Published Date : 26/06/2025
Google DeepMind has announced the launch of a new artificial intelligence model tailored for robotics, capable of functioning entirely on a local device without requiring an active data connection. Named Gemini Robotics On-Device, the advanced model is designed to enable bi-arm robots to carry out complex tasks in real-world environments by combining voice, language, and action (VLA) processing.
In a blog post, Carolina Parada, Senior Director and Head of Robotics at Google DeepMind, introduced the new model, highlighting its low-latency performance and flexibility. As it operates independently of the cloud, the model is especially suited to latency-sensitive environments and real-time applications where constant internet connectivity is not feasible.
Currently, access to the model is restricted to participants of Google’s trusted tester programme. Developers can experiment with the AI system through the Gemini Robotics software development kit (SDK) and the company's MuJoCo physics simulator.

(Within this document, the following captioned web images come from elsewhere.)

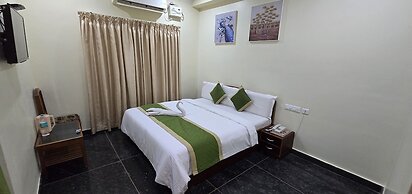 HOTEL KCR GRAND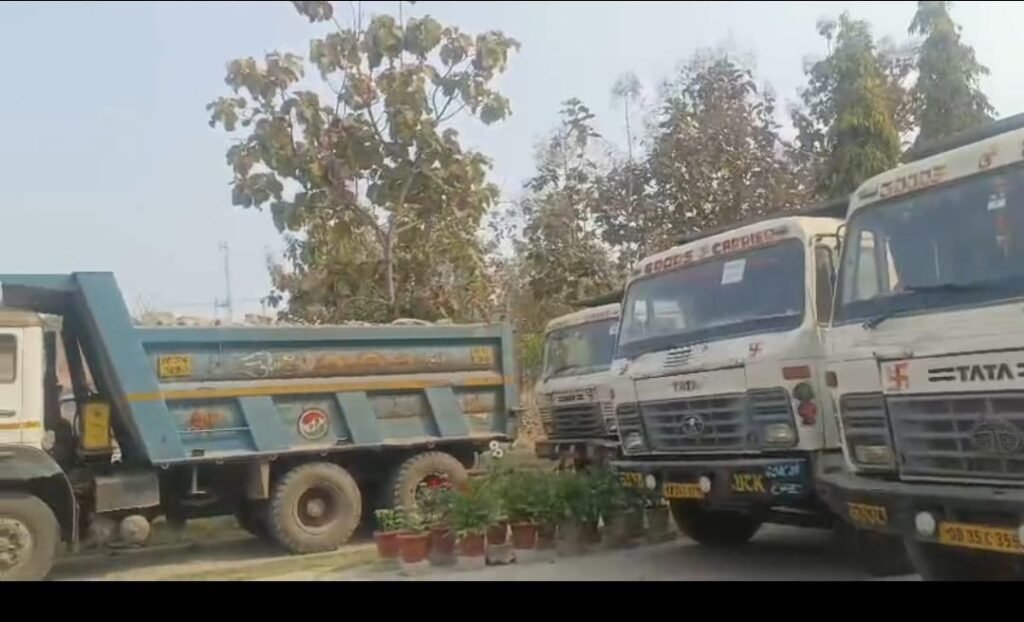 ରେଙ୍ଗାଳିରେ ପଥର ମାଫିଆଙ୍କ ଉପରେ ପୋଲିସର ବଡ଼ ଚଢ଼ାଉ: ୫ ହାଇୱା ଓ ପୋକଲିନ ଜବତ, ୫ ଗିରଫ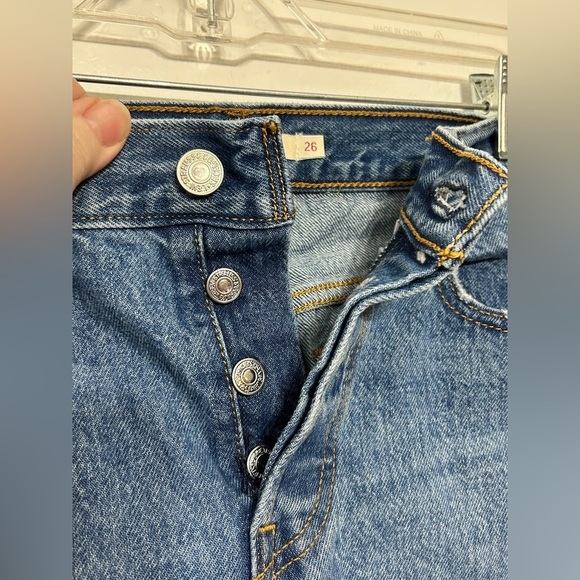 Levi’s Premium Denim Wedgie Button Fly High Rise Distressed Raw Hem Jeans - Picture 6 of 13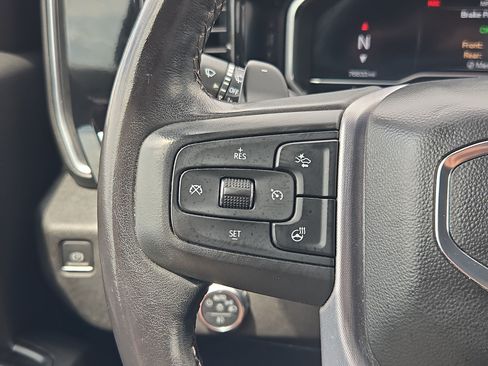 Used 2022 GMC Sierra 1500 Elevation w/ LPO, Elevation Black Package AWD/4WD image 17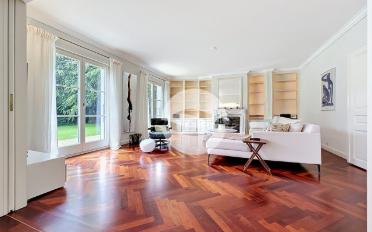 Einfamilienhaus 10.5 Zimmer - image - 4
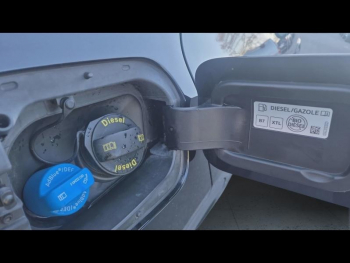 Photo 29 du bon plan VOLKSWAGEN T-Roc 2.0 TDI 116ch Life Business occasion à 22890 €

Although Google has not disclosed specific details about the model’s architecture or training methodology, it has outlined the model’s robust capabilities. Designed for bi-arm robotic platforms, Gemini Robotics On-Device requires minimal computing resources. Remarkably, the system can adapt to new tasks using only 50 to 100 demonstrations, a feature that significantly accelerates deployment in diverse settings.
In internal trials, the model demonstrated the ability to interpret natural language commands and perform a wide array of sophisticated tasks, from folding clothes and unzipping bags to handling unfamiliar objects. It also successfully completed precision tasks such as those found in industrial belt assembly, showcasing high levels of dexterity.

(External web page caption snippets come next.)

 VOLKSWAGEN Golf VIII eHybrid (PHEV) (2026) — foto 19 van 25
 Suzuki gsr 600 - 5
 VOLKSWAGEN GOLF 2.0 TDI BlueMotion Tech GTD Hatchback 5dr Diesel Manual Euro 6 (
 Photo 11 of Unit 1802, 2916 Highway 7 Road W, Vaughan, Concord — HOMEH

Though originally trained on ALOHA robotic systems, Gemini Robotics On-Device has also been adapted to work with other bi-arm robots, including Franka Emika’s FR3 and Apptronik’s Apollo humanoid robot. According to the American tech giant, the model exhibited consistent generalisation performance across different platforms, even when faced with out-of-distribution tasks or multi-step instructions.
Google DeepMind’s Gemini Robotics On-Device represents a significant advancement in the field of robotics, offering a powerful tool for developers and researchers to explore the potential of AI in real-world applications. The model’s ability to operate locally and perform complex tasks with minimal resources opens up new possibilities for industries ranging from manufacturing to healthcare.
Q: What is Gemini Robotics On-Device?
A: Gemini Robotics On-Device is a new AI model developed by Google DeepMind that enables bi-arm robots to perform complex tasks in real-world environments. It operates locally on the device without requiring an active internet connection.
Q: How does Gemini Robotics On-Device work?
A: The model combines voice, language, and action (VLA) processing to interpret natural language commands and perform a wide array of sophisticated tasks, from folding clothes to handling unfamiliar objects. It requires minimal computing resources and can adapt to new tasks with just 50 to 100 demonstrations.
Q: Who can access Gemini Robotics On-Device?
A: Currently, access to the model is restricted to participants of Google’s trusted tester programme. Developers can experiment with the AI system through the Gemini Robotics SDK and the company's MuJoCo physics simulator.
Q: What are the benefits of Gemini Robotics On-Device?
A: The benefits include low-latency performance, flexibility, and the ability to operate in latency-sensitive environments without constant internet connectivity. It is particularly useful for real-time applications in industries like manufacturing and healthcare.
Q: Which robots can use Gemini Robotics On-Device?
A: The model has been adapted to work with various bi-arm robots, including Franka Emika’s FR3 and Apptronik’s Apollo humanoid robot. It has shown consistent performance across different platforms, even when faced with out-of-distribution tasks or multi-step instructions.